Time & Space Complexity

Time complexity: $O(n)$
Space complexity: $O(1)$ constant space used

Where $n$ is the number of arrays in $arrays$

Common Pitfalls

Selecting Both Elements from the Same Array

The problem requires elements to come from two different arrays. A common mistake is to find the global minimum and maximum across all elements without ensuring they belong to different arrays. For example, if one array contains both the smallest and largest values, using them would violate the constraint. The single scan solution handles this by comparing the current array's values against previously seen min/max values, guaranteeing they come from different arrays.

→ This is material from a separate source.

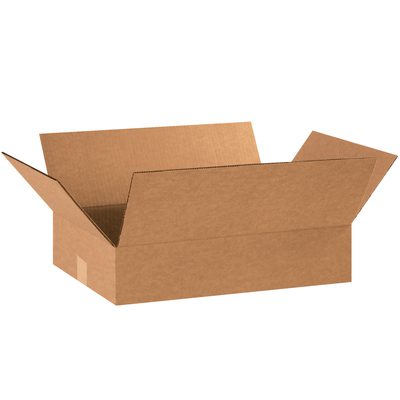 20124.jpg The MH-USA 20 x 12 x 4 Flat Corrugated Box, designed for bulk use with 25 per bundle, sits open with flaps folded outward and is viewed from a slight angle against a plain white backdrop.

Forgetting to Use Absolute Difference

Some solutions compute the difference without taking the absolute value. While the optimal solution always involves max - min (which is positive), intermediate calculations or edge cases might produce negative values. Always use abs() or structure your comparisons to ensure you're computing |a - b| rather than just a - b.

Not Exploiting the Sorted Property of Each Array

Each individual array is sorted in ascending order. Failing to recognize this leads to unnecessarily iterating through all elements when only the first (minimum) and last (maximum) elements of each array matter. The brute force solution that checks every pair of elements is correct but inefficient; the optimized approaches leverage the sorted property to achieve linear time.